Montana Viewpoint

September 5, 2005;

When tragedy strikes, American citizens rise nobly to the cause; whether it is the horrific flooding of an entire city or a neighbor suddenly struck by cancer, Americans volunteer their time, money, and labor to help those afflicted. The American government, where it must, is also capable of an enormous effort to address catastrophic events, but less so the hardships of individuals.

There is only one condition for this outpouring of help on the part of Americans and their government; the tragedy has to actually occur before the magnanimous response is made. The prevention of tragedy does not move our emotions or our sense of duty very much.

For most of us, it’s the event itself that serves as an awakening to the situation—a situation that might have been avoided.

Everyday in America there are the small and preventable tragedies that no one hears of; people facing death because they have no money to pay for medical care or medicine, or homeless families whose children are hungry. The American government rushes aid to people made homeless by the great tsunami in Indonesia, but leaves the American homeless to fend for themselves

More than any other industrialized nation, America waits for a problem to happen before it’s addressed. We excel at crisis management. We should, we give ourselves so many opportunities to practice it. We need our government to be more concerned with preventing disaster than in responding to it. There are at least two good reasons to do this: it is the humane thing to do, and it is one hell of a lot cheaper.

While there are many reasons why we should practice preventive measures, I’m more curious about why we don’t.

First, it seems without being able to put a human face on an issue, we are unmoved by it. Ever notice that every ad asking you to donate to a humanitarian cause has a picture and a name of someone who needs help?

Second, it has been a long time that Americans, as a nation, have faced real hardship, so it is more difficult for us to imagine ourselves as homeless or hungry, or mentally ill. In short, we have to be able to identify with the issue before we really care about it in the abstract.

Third, it costs money. By not spending tax dollars on a potential problem government looks fiscally responsible. That works as long as the levee holds; when it breaks it gets spendy fast.

When legislators make decisions that affect the lives of thousands, we deal with numbers, not people. That makes it too easy; we should have to look people in the eye when we decide issues that will change their lives.

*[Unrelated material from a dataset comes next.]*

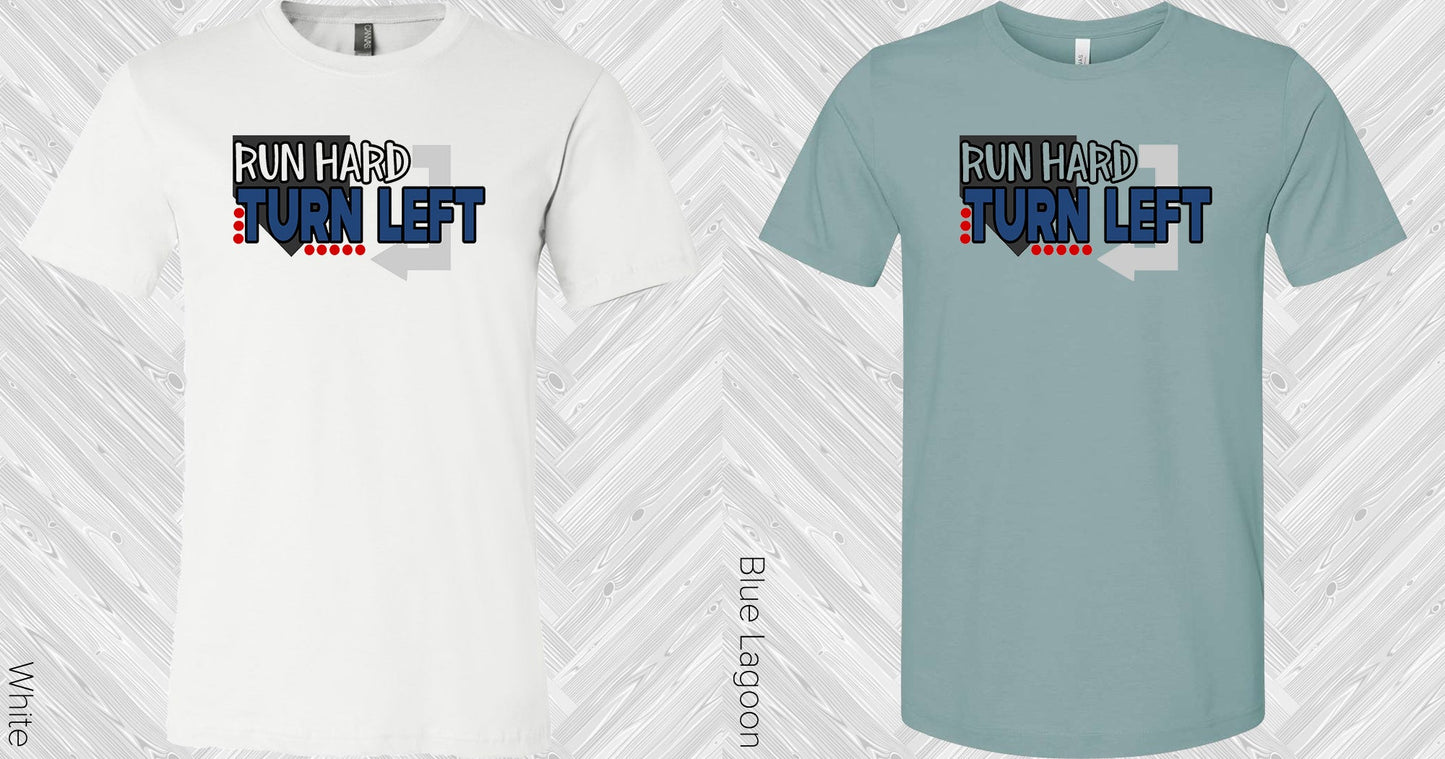 Run Hard Turn Left Graphic Tee Graphic Tee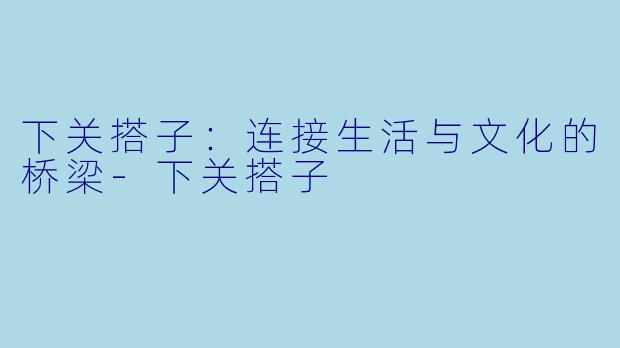 下关搭子:连接生活与文化的桥梁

Last, there is the fear, unique to Americans, that if we offer help to a group of people who truly deserve it, there will be a deadbeat in the crowd who gets something for nothing. So we create rules and regulations and make a bureaucratic maze for the very people we are aiming at helping. It costs us more time and money to prevent the deadbeats from getting a free ride than it would to allow a few unethical people to slide by, but we are obsessed about it to the point of distraction.

Years ago in Baltimore there was a newspaper reporter named Mencken who defined Puritanism as “the haunting fear that someone, somewhere, may be happy.” In a slightly different sense, that’s what keeps America from affording every citizen an equal shot at getting ahead, and that’s a tragedy created by man.